POV Figuran: Tunangan Jahat Obsesifku Adalah Bos Terakhir Game - Chapter 270
Bab 270 270: Selamat Datang di Laut Kedua
Para awak kapal berkumpul di geladak Lady Rill, pakaian basah menempel di tubuh mereka yang lelah.
Mereka kurang tidur, kelaparan, dan tak sabar menunggu petualangan ini berakhir.
“Aku tidak menyangka akan seperti ini,” Zuzu mengerang. “Mana penampilan heroik kita?”
“Semakin lama Anda berkecimpung dalam bisnis ini, semakin Anda menyadari bahwa semua cerita yang Anda sampaikan setelahnya bertujuan untuk membuat Anda terlihat baik.” Thorn menyeringai.
“Kau akan mendapatkan penampilan heroikmu.” Dia terkekeh sendiri. “Hanya dalam cerita-cerita saja.”

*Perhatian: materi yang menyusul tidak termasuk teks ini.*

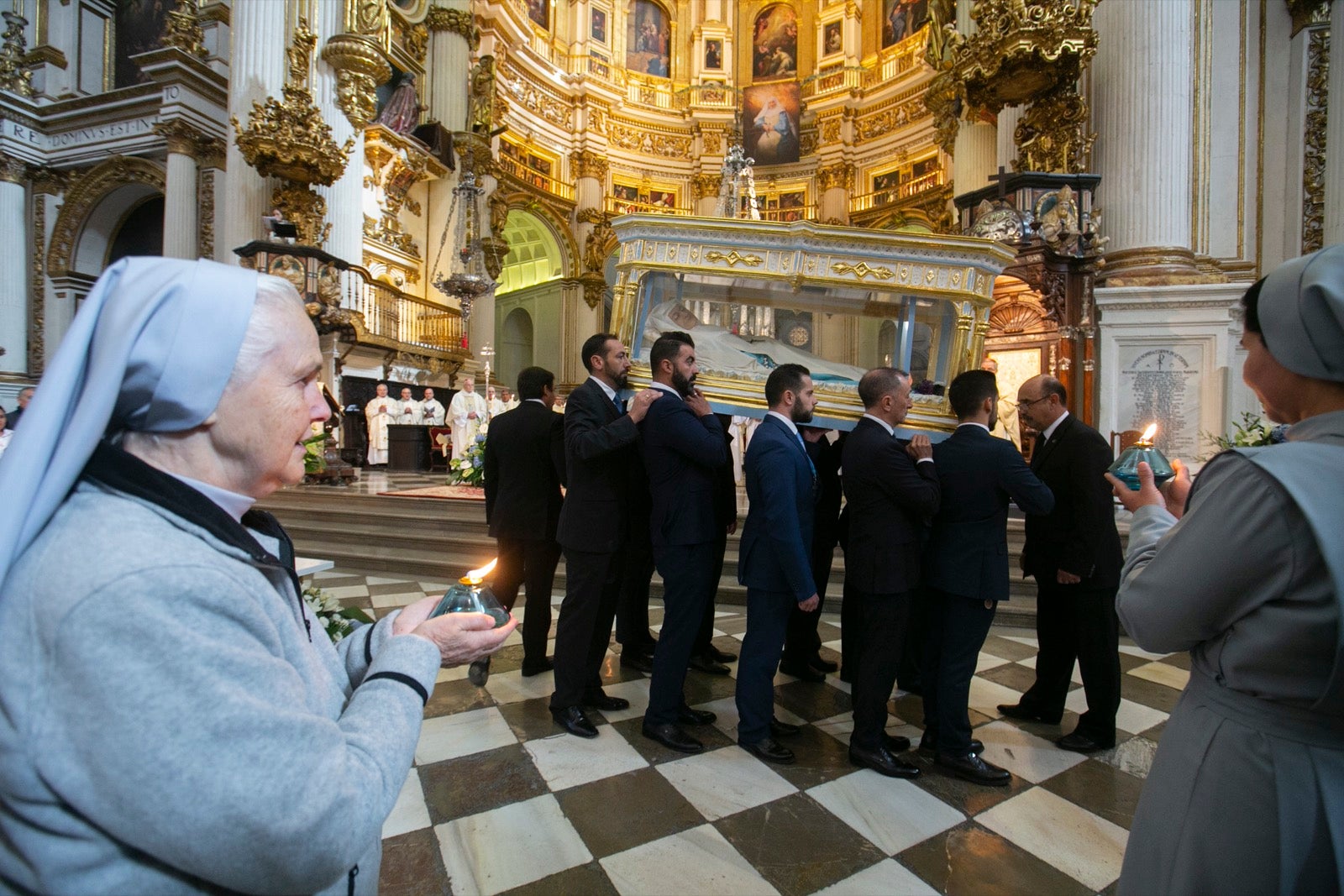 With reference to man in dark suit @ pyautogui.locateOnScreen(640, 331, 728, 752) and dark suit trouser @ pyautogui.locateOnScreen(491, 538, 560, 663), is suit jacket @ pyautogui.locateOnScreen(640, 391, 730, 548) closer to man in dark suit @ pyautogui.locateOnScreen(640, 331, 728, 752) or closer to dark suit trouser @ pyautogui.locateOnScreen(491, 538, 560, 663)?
man in dark suit @ pyautogui.locateOnScreen(640, 331, 728, 752)

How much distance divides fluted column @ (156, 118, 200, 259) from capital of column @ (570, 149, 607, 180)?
9.91 metres

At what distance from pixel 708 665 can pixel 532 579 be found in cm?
112

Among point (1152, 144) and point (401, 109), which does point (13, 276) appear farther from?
point (1152, 144)

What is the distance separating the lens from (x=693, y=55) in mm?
20766

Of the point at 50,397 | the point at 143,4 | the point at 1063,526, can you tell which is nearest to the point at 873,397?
the point at 1063,526

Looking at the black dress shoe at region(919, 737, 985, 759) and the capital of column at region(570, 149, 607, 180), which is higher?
the capital of column at region(570, 149, 607, 180)

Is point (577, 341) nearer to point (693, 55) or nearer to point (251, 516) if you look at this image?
point (693, 55)

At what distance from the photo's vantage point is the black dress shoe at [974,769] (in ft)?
7.82

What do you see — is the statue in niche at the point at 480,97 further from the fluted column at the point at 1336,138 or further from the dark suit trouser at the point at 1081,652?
the dark suit trouser at the point at 1081,652

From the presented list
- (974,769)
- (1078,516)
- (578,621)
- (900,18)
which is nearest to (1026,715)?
(974,769)

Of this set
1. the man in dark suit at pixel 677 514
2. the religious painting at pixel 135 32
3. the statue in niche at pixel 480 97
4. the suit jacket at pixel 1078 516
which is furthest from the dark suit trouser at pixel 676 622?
the religious painting at pixel 135 32

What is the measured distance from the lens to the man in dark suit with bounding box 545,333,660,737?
278cm

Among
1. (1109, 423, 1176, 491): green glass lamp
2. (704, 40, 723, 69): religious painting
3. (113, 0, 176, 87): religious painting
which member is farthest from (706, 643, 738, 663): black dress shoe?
(704, 40, 723, 69): religious painting

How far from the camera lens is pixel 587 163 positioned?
739 inches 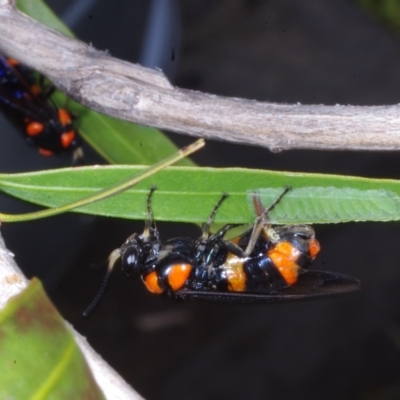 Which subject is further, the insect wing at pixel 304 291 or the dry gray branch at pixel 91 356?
the insect wing at pixel 304 291

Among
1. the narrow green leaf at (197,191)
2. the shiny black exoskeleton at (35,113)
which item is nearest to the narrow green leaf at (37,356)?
the narrow green leaf at (197,191)

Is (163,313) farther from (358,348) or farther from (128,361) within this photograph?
(358,348)

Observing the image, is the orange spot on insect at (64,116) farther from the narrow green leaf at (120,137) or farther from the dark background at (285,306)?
the narrow green leaf at (120,137)

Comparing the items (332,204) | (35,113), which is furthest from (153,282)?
(35,113)

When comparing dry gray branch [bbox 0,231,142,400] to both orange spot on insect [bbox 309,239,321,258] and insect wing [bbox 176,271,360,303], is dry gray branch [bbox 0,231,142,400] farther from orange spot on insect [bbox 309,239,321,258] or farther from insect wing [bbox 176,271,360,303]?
orange spot on insect [bbox 309,239,321,258]

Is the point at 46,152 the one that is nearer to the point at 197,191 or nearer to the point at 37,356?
the point at 197,191

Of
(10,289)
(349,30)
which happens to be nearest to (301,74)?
(349,30) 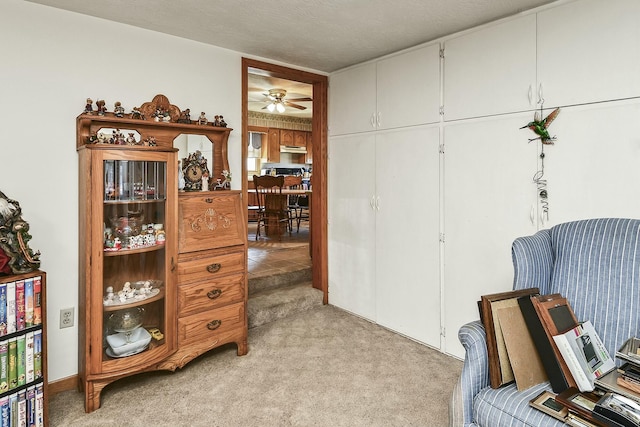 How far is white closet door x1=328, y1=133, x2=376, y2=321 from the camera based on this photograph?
339 cm

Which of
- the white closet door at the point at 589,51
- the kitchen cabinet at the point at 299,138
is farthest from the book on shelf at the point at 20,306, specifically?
the kitchen cabinet at the point at 299,138

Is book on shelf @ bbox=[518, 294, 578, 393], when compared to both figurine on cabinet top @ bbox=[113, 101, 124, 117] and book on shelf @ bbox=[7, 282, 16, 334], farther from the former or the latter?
figurine on cabinet top @ bbox=[113, 101, 124, 117]

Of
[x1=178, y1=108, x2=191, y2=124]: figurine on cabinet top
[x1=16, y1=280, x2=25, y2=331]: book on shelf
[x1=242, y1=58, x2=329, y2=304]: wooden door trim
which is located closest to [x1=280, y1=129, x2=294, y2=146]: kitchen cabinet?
[x1=242, y1=58, x2=329, y2=304]: wooden door trim

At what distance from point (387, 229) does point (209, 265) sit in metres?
1.47

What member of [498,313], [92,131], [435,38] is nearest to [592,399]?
[498,313]

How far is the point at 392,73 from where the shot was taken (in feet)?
10.3

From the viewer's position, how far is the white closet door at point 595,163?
1973mm

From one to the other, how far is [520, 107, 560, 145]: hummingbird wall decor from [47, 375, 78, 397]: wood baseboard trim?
3172 mm

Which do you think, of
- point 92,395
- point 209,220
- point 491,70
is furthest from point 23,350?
point 491,70

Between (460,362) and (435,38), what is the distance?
2.30 metres

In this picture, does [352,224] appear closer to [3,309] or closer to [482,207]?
[482,207]

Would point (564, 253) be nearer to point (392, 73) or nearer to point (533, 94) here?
point (533, 94)

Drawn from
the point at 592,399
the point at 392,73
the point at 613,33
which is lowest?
the point at 592,399

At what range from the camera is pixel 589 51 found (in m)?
2.09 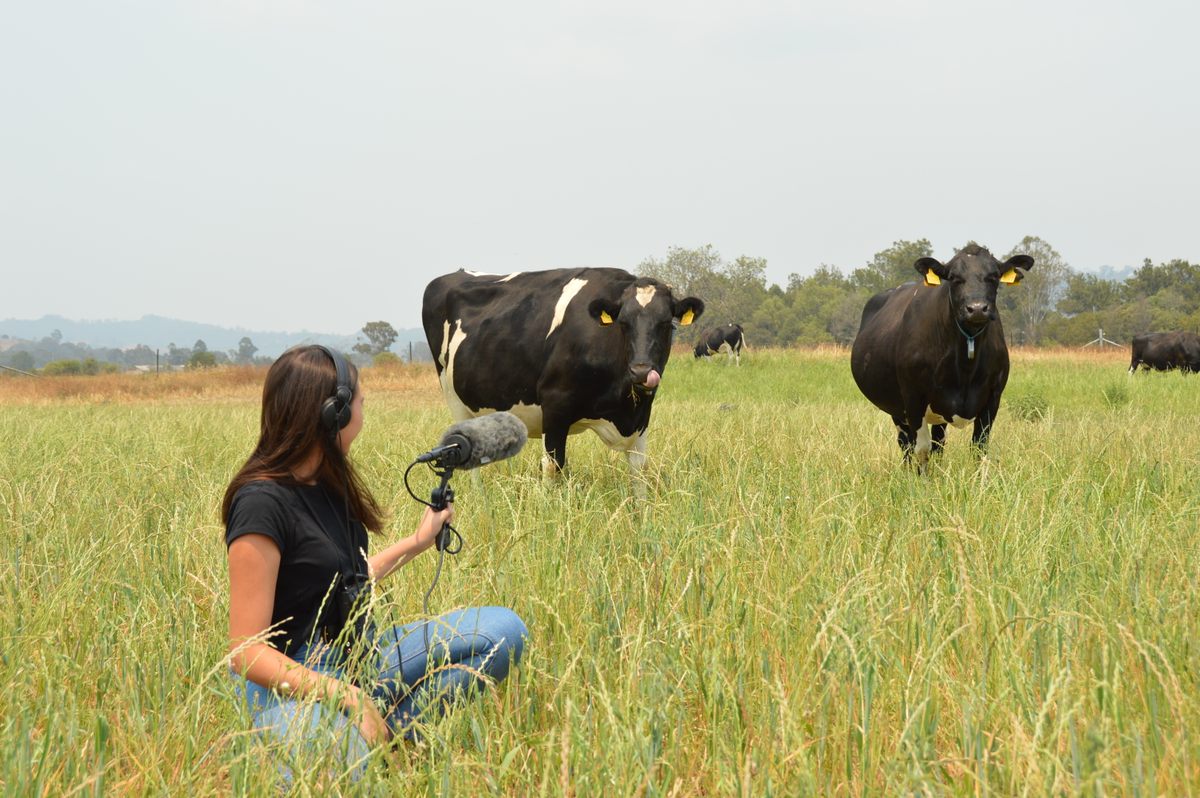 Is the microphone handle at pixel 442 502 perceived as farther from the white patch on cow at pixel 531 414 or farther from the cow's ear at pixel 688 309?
the white patch on cow at pixel 531 414

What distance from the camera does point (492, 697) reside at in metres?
2.88

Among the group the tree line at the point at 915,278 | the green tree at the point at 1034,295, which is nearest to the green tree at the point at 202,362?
the tree line at the point at 915,278

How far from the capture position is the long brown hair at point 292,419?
2840mm

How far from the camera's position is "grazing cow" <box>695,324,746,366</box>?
114 feet

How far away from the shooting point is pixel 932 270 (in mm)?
7656

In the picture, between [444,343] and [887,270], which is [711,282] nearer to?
[887,270]

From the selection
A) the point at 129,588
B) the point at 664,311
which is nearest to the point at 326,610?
the point at 129,588

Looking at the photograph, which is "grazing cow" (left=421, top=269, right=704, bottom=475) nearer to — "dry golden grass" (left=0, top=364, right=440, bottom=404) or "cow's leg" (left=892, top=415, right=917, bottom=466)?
"cow's leg" (left=892, top=415, right=917, bottom=466)

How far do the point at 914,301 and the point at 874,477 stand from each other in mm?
2249

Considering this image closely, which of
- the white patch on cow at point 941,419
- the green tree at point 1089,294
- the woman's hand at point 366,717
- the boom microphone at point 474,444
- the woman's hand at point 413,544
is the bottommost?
the woman's hand at point 366,717

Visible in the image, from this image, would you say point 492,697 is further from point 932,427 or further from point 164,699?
point 932,427

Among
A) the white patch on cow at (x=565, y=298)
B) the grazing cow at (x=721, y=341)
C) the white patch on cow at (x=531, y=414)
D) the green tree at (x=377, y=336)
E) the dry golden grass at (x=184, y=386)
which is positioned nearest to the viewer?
the white patch on cow at (x=565, y=298)

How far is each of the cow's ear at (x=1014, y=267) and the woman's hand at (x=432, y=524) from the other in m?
6.00

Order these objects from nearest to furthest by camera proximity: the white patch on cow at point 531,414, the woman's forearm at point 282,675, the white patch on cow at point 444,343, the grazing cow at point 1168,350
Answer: the woman's forearm at point 282,675 → the white patch on cow at point 531,414 → the white patch on cow at point 444,343 → the grazing cow at point 1168,350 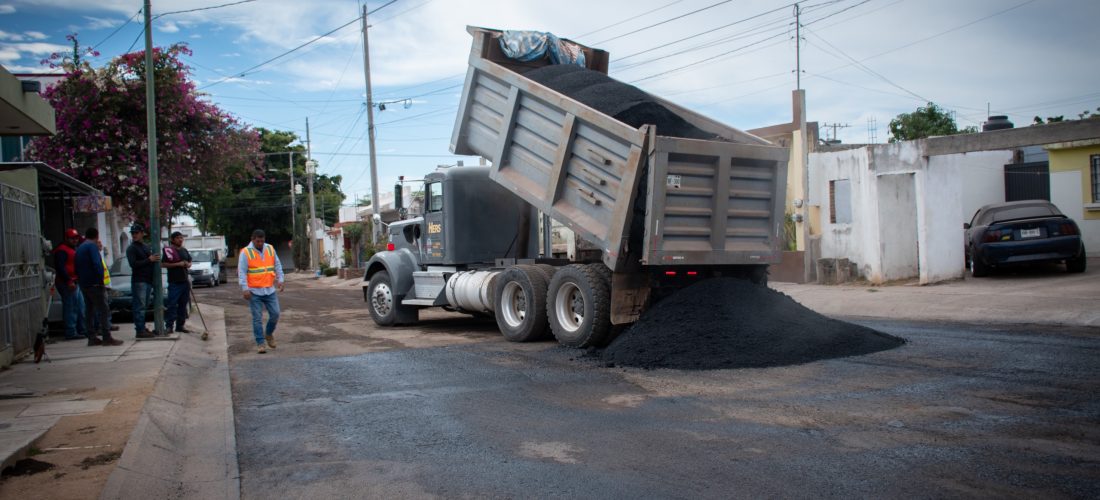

“Dan coba tebak,” Elias angkat bicara. “Dalam versi ceritamu, kaulah yang akan memberikan pukulan terakhir dan menenggelamkan jurang itu?”
“Tentu saja,” Thorn menyeringai. “Setelah bos memberi tahu kami rencananya.”
Pandangan mereka beralih ke Ren yang berdiri dengan tangan bersilang, mengamati mereka.
Tak seorang pun berkata apa-apa. Mereka hanya menoleh padanya, menunggu dengan tidak nyaman dalam diam.
Alasan mengapa mereka berusaha mengisi kesunyian itu kembali muncul dalam kesadaran mereka.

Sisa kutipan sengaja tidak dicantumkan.